Barney had heaps of violets, fortunately, and we had great fun finding places to fasten them upon her. Barney needed only a crumb of encouragement to show himself up picturesquely, and I was glad to set him going, for I wanted to see the shadow on Jean's face entirely disappear. They had become good friends on their own account, it seemed, and Jean was cheeking him delightfully in return for some of his sly remarks, when suddenly she stopped and I felt a little shiver run through her. Another man had stopped before Barney's stand,--Mr. Garney, the Latin tutor. His eyes were so eagerly intent upon Jean that he hardly took note of my presence.
"You look like Flora herself, Miss Benbow," he said, raising his hat. "Are violets your favorites?" (I saw that he was laying the information away for future reference, and I wanted to choke him on the spot.)
"They are to-day," she answered, demurely. "But I may prefer something else to-morrow." (Wasn't that neat, and dear of her?)

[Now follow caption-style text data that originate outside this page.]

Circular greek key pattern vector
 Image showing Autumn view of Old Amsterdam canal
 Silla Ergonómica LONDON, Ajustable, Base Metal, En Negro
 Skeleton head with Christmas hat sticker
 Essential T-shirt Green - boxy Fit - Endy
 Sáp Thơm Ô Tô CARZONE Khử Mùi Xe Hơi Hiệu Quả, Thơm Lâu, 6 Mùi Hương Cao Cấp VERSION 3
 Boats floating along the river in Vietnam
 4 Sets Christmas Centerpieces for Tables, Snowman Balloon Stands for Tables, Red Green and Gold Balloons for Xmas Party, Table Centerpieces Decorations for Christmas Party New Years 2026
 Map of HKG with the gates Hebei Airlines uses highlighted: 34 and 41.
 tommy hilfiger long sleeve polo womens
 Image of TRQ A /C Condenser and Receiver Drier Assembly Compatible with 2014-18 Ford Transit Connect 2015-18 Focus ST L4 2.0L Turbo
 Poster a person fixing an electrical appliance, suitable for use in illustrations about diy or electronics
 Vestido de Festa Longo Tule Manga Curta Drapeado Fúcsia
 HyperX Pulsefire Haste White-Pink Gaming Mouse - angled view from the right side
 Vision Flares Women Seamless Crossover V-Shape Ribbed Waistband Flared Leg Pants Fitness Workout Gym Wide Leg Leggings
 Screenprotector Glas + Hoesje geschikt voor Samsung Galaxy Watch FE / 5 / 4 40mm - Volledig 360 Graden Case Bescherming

I was very glad to have this opportunity of seeing Jean and Mr. Garney together, because I admit that Mrs. Whyte's gossip had disturbed me. I therefore made no move to hurry Jean away, but pretended to talk to Barney while I watched the other two together. I fancy Barney understood the situation pretty well, for he glanced shrewdly from me to Mr. Garney and back, as though he would see if I, too, understood. But the result of my observation of their mutual attitude was wholly reassuring. Garney was crazy about her, of course,--that was obvious. But Jean was heart-whole and unimpressed. Of that I felt quite sure, and I recognized the fact with a relief that measured my previous disturbance. So long as she was not dazzled, no harm could come of it. He couldn't marry her against her will!
How well I remember all the trivial events of that afternoon! After loading her down with violets, we went to a confectioner's and had some gorgeous variety of ice-cream, and I did my best to restore her to her usual rose-colored view of life. She responded beautifully, and we had a very gay time. But when I left her at her own door, finally, the wistfulness returned.
"You are going away, aren't you?" she asked.
"Why, I shall have to, in order to feel that I have a right to keep that cigar-case, since it was given to me as a good-bye present."
She stood very still for a moment, searching me with her deep eyes. Then she put out her hand impulsively.
"Good-bye," she said breathlessly, and fled into the house.